* _WHAT TO PRODUCE_: Go through the data below. Pull out every line that has the word "Photo".
(Beginning of THE RECORDS)
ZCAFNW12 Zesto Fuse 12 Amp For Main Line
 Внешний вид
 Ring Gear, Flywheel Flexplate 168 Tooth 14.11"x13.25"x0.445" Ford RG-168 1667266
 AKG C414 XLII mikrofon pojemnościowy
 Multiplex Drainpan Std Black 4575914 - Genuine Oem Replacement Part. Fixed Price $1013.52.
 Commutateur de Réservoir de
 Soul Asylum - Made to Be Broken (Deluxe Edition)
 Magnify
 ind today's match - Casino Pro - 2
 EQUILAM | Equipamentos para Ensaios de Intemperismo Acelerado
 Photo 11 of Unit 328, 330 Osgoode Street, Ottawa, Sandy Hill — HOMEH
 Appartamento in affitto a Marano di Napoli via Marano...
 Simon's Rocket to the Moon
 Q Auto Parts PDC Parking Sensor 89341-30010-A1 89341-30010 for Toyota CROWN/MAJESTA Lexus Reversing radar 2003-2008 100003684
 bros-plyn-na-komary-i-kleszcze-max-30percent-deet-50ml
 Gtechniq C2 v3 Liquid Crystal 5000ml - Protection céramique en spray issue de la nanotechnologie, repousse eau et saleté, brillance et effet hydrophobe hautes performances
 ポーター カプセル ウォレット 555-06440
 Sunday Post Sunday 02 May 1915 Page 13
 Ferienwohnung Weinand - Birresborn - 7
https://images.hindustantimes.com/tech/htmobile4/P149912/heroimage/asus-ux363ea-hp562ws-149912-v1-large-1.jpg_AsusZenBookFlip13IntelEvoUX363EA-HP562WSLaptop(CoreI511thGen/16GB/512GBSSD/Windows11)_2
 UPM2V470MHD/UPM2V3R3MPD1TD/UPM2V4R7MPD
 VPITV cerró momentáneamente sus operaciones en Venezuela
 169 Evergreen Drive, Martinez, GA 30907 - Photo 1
(End of THE RECORDS)
* _OUTPUT OF THE TASK_:
 Photo 11 of Unit 328, 330 Osgoode Street, Ottawa, Sandy Hill — HOMEH
 169 Evergreen Drive, Martinez, GA 30907 - Photo 1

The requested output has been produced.